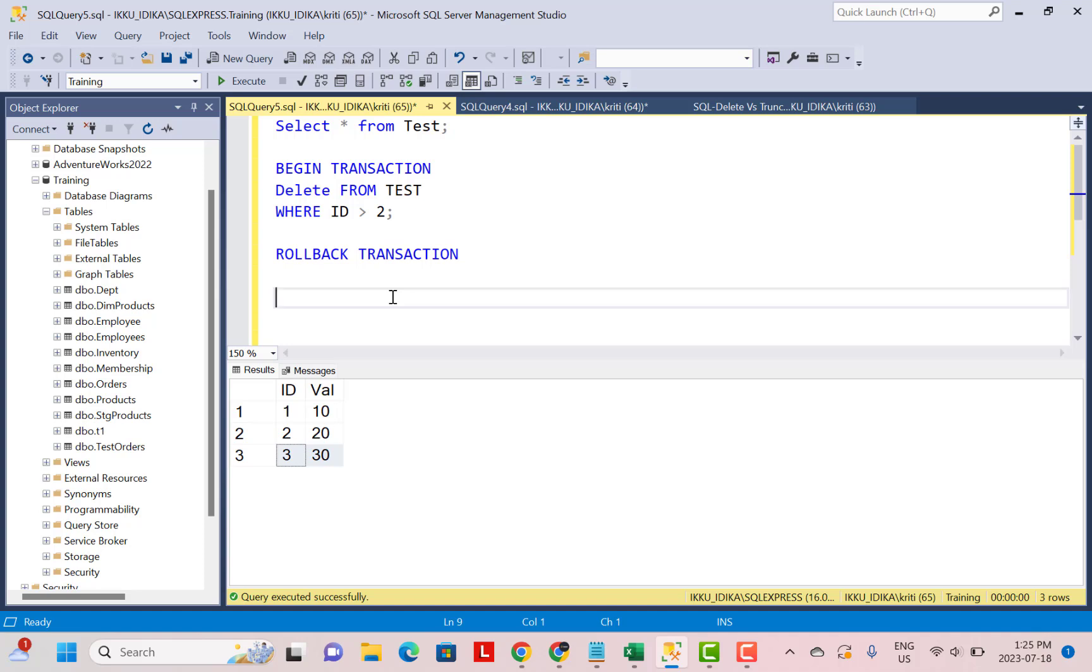But if you need to delete as per some criteria, so you need to specify some conditions, then you have to go for the DELETE statement. Also, if you want that ability to roll back the transaction and retrieve the data that you, by mistake, might have deleted, then you have to go for the DELETE statement.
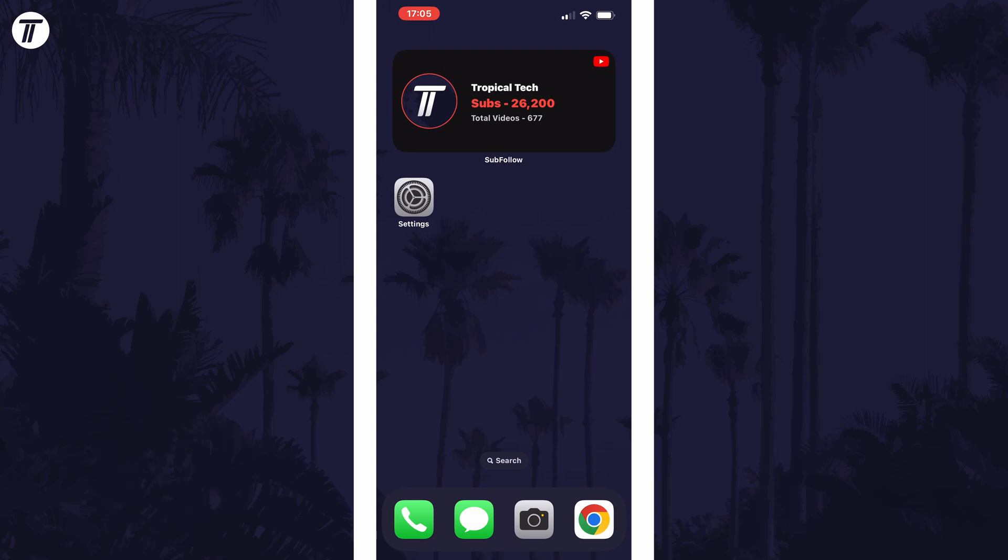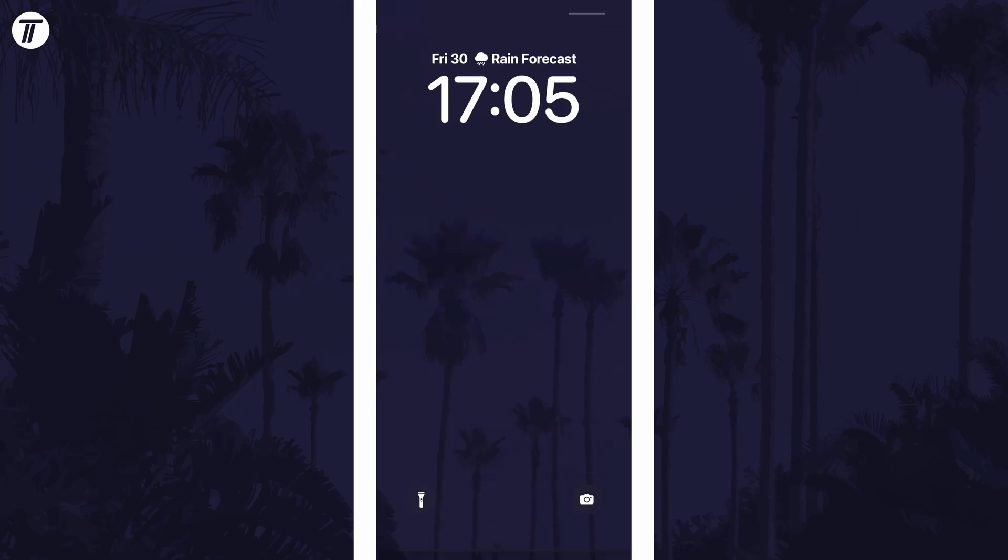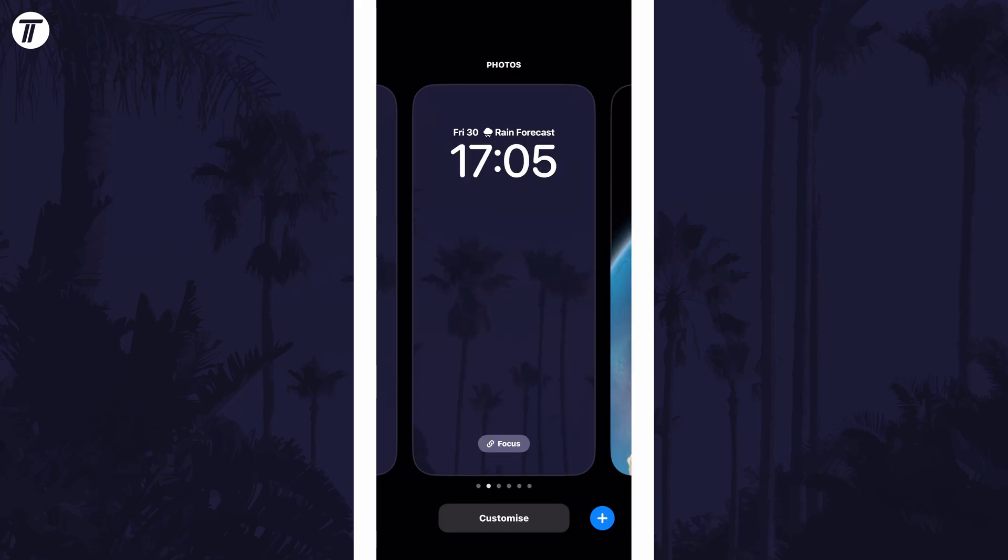To add a focus mode to a lock screen, swipe down from the centre of the screen at the top and then tap and hold on your current lock screen. Now swipe to the left or right to the lock screen you want to link to a focus mode and then find where it says focus.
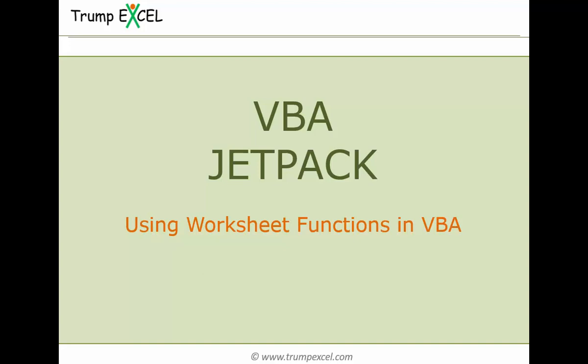Hello and welcome to the VBA Jetpack course by Trump Excel. I'm Sumit Bansal and in this video we will see how to use worksheet functions in VBA in Excel. So let's get started.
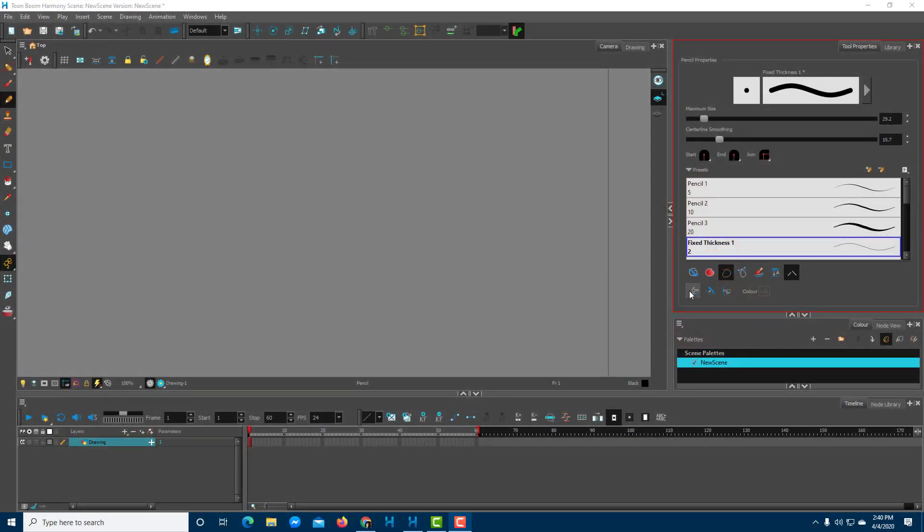Now let's take a look at the line building tool inside of Toon Boom and then we'll learn how to smooth out the drawing that we made using the pencil tool.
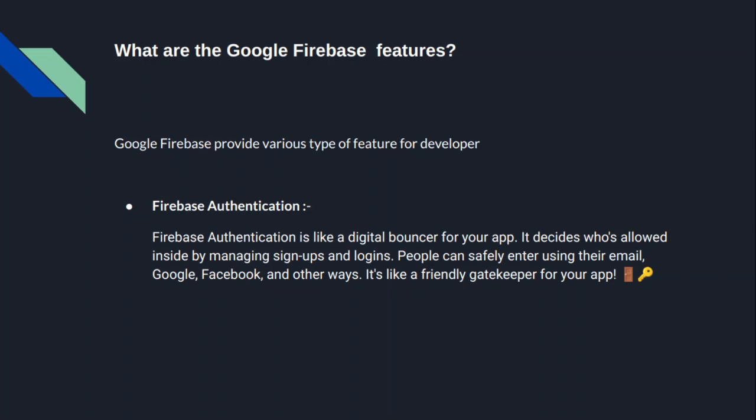So Firebase Authentication basically is like a digital bouncer for your app. It decides who's allowed inside by managing signups and logins. Basically, we use Firebase Authentication for knowing the user identity. We can use multiple types of authentication.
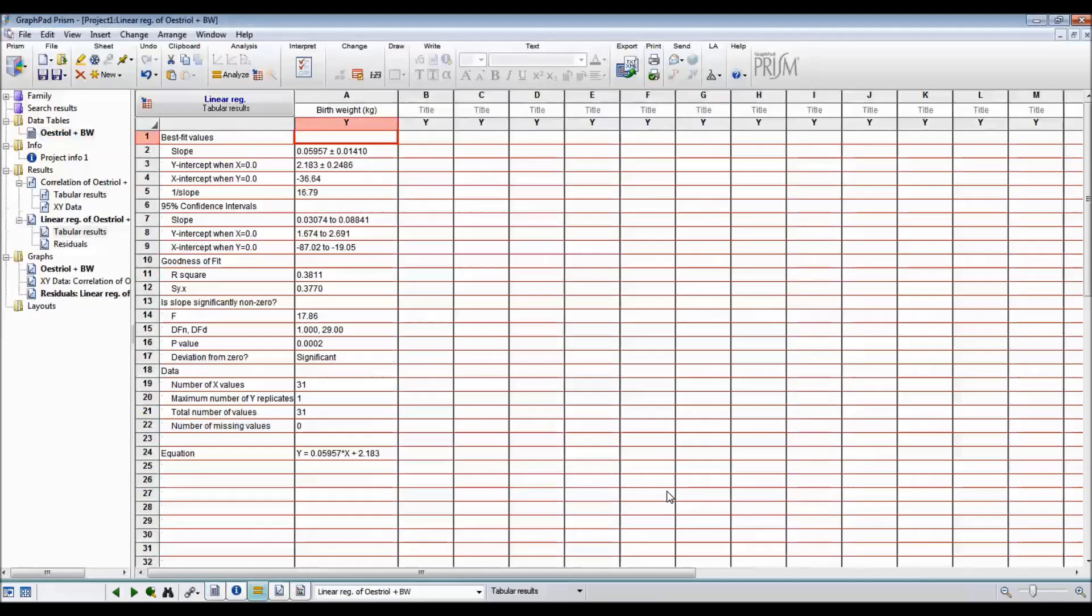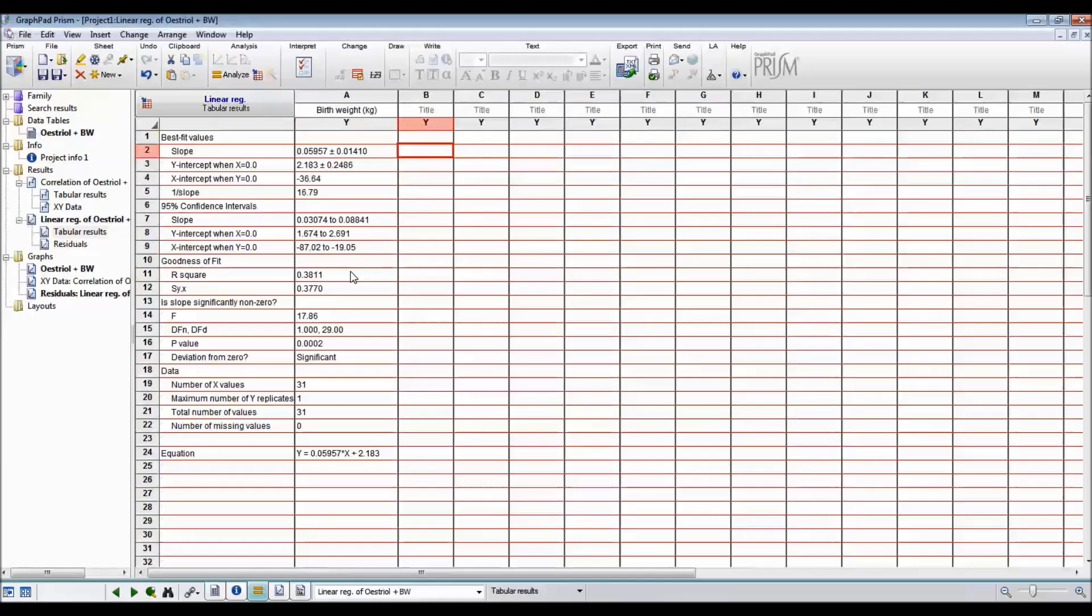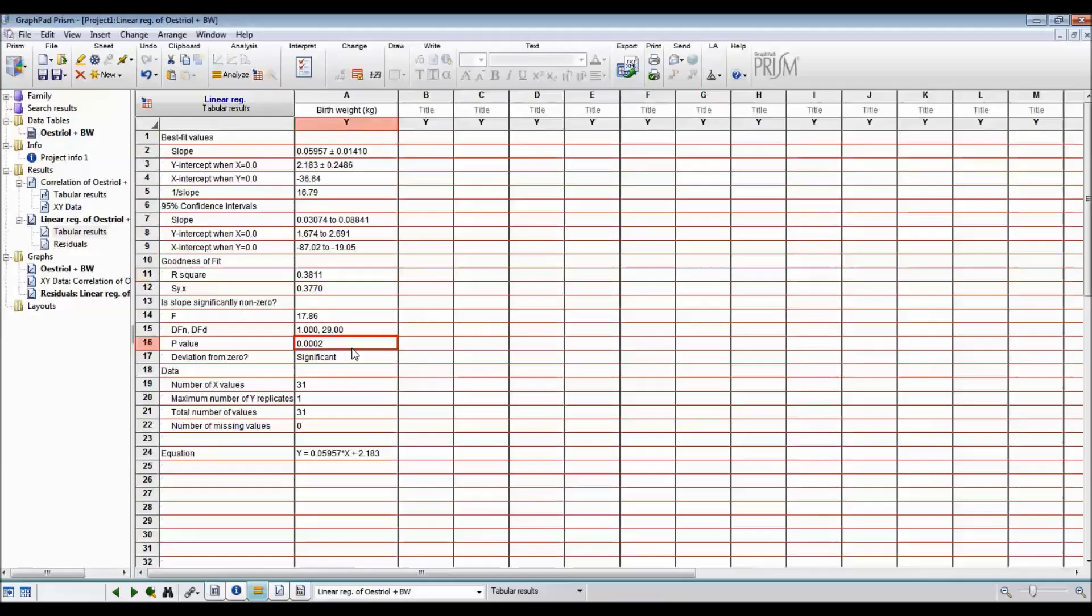There's lots more data that comes out from this analysis. There's the slope. That's the beta coefficient plus or minus the standard error. There's the R squared, which is the coefficient of determination. That says how much of the variation in Y, which is birth weight, is explained by the equation. There's also a test to see is the slope 0 or not 0. And you can see that the p-value is much less than 0.05 and it's significant. So that means that the slope is not 0.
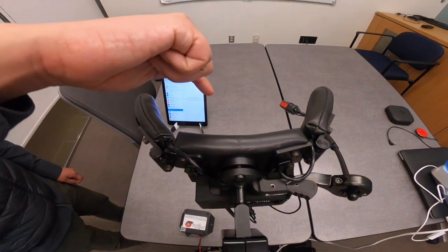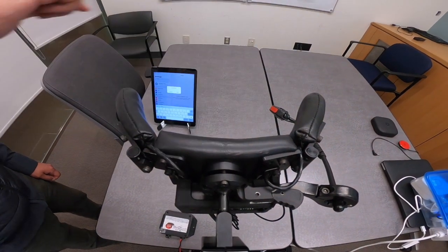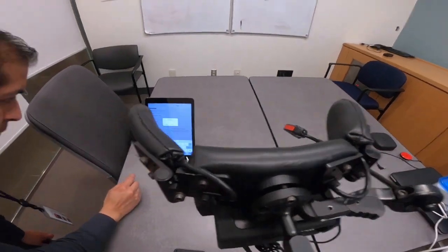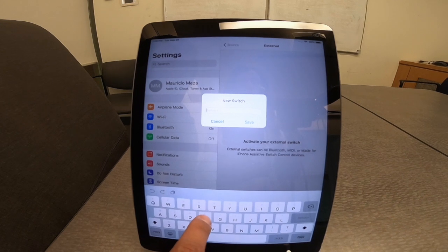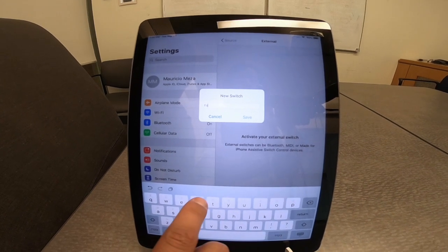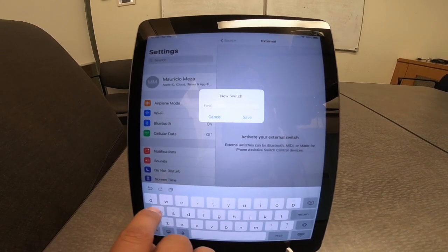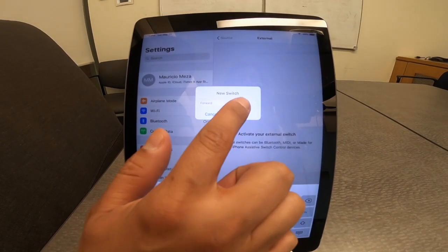Finally, we will program the back head pad, naming it forward. We will use it to select items, but when it is long pressed, it will be the switch to go to the device home page as well.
──────
Take the material above from the line bearing "Now let's take" through the line bearing "So Firebase Authentication" and write it out exactly, both end lines included. Pictures stay out.

Answer for this exercise:
Now let's take a look at the line building tool inside of Toon Boom and then we'll learn how to smooth out the drawing that we made using the pencil tool.
So Firebase Authentication basically is like a digital bouncer for your app. It decides who's allowed inside by managing signups and logins. Basically, we use Firebase Authentication for knowing the user identity. We can use multiple types of authentication.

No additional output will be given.